Could the data below be printed out exactly, with the pictures left out?

--

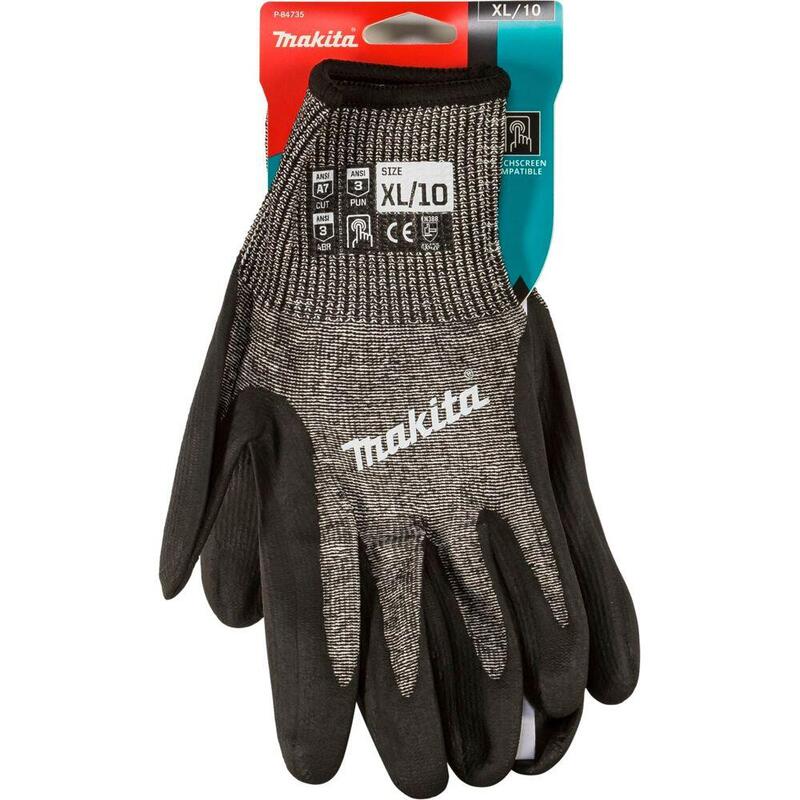 Guantes Makita P-84735 Talla Xl (10)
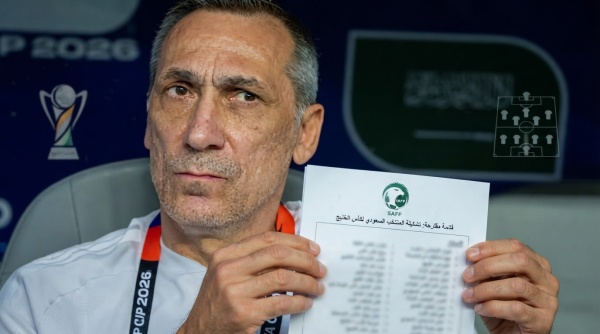 قبل انطلاق كأس الخليج تشكيلة مقترحة للأخضر تحمل عدة مفاجآت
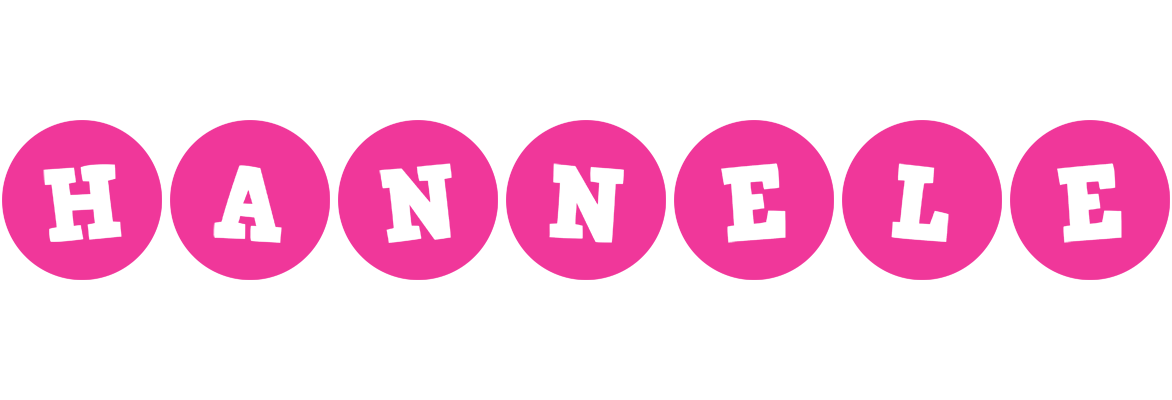 Hannele poker logo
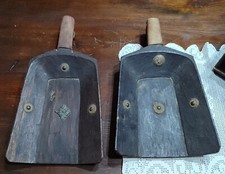 Antiche Palette In Legno Vintage Lavorate A Mano, Primi '900 Ottime Condizioni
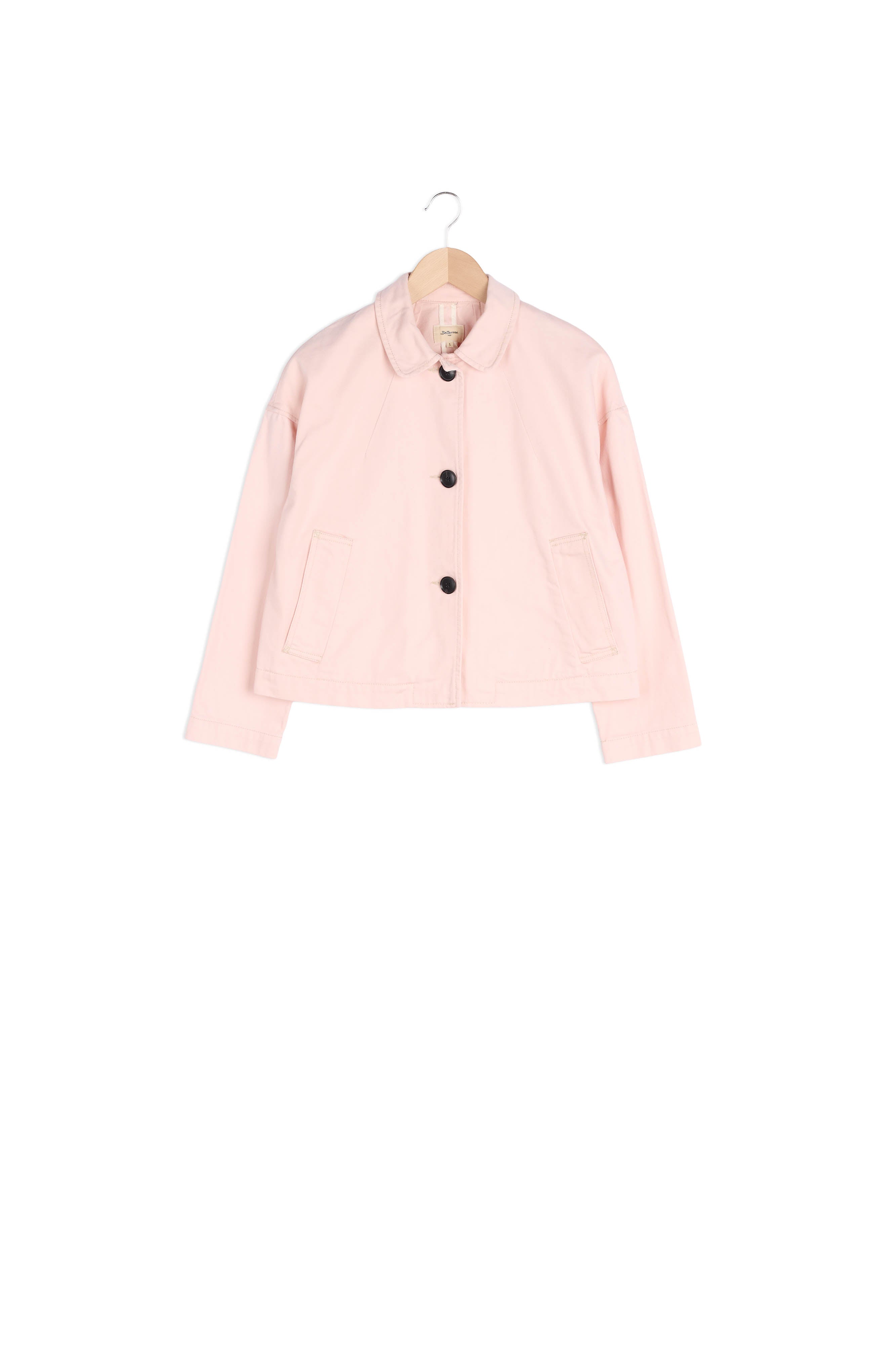 LONU JACKET Faume - seconde main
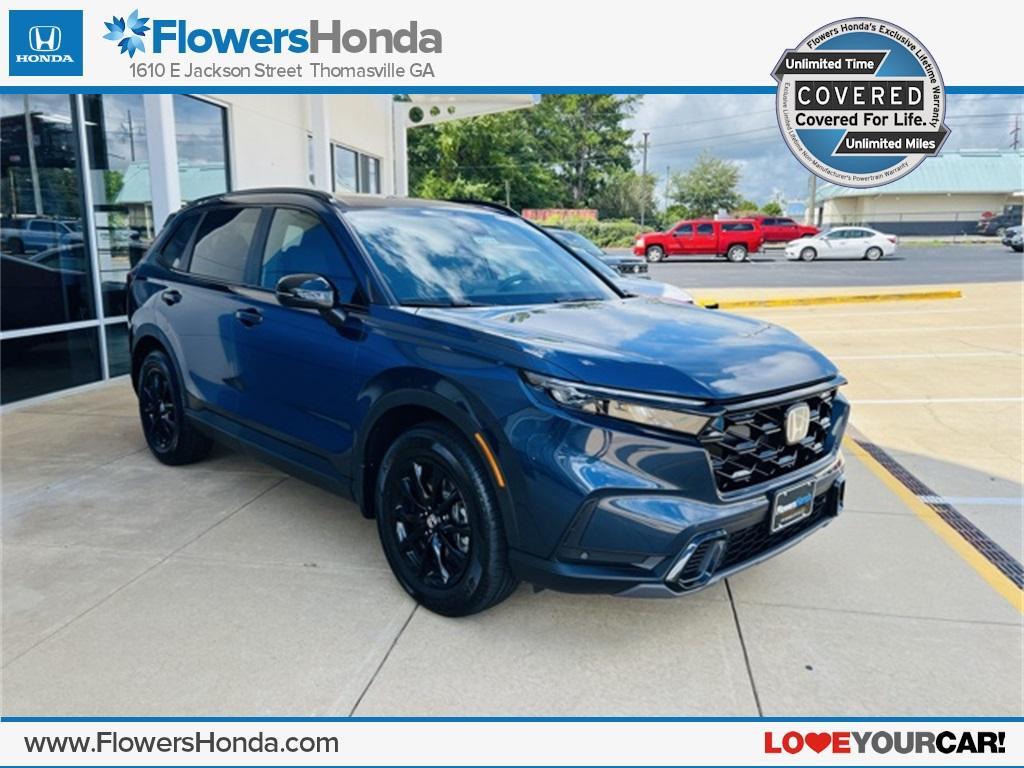new 2026 Honda CR-V Hybrid car, priced at $41,620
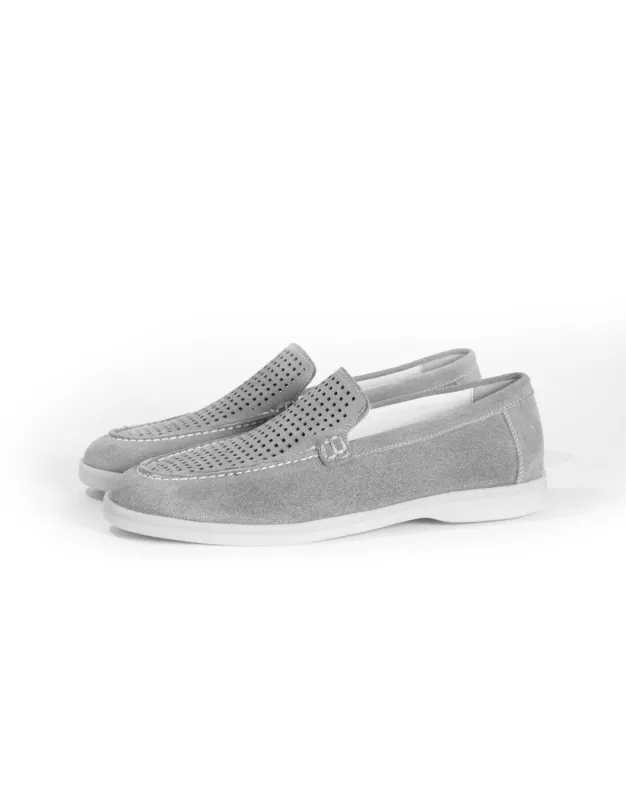 BFL 23-2912 M GRAY/SUEDE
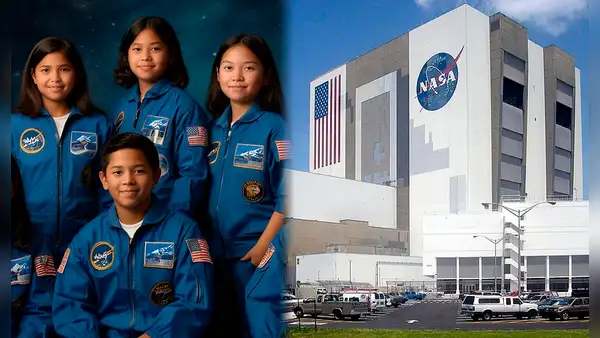 Abren convocatoria para que niños y adolescentes de Perú visiten la NASA y potencien habilidades en ciencia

--

▶ **Output for this exercise**:
 Guantes Makita P-84735 Talla Xl (10)
 قبل انطلاق كأس الخليج تشكيلة مقترحة للأخضر تحمل عدة مفاجآت
 Hannele poker logo
 Antiche Palette In Legno Vintage Lavorate A Mano, Primi '900 Ottime Condizioni
 LONU JACKET Faume - seconde main
new 2026 Honda CR-V Hybrid car, priced at $41,620
 BFL 23-2912 M GRAY/SUEDE
 Abren convocatoria para que niños y adolescentes de Perú visiten la NASA y potencien habilidades en ciencia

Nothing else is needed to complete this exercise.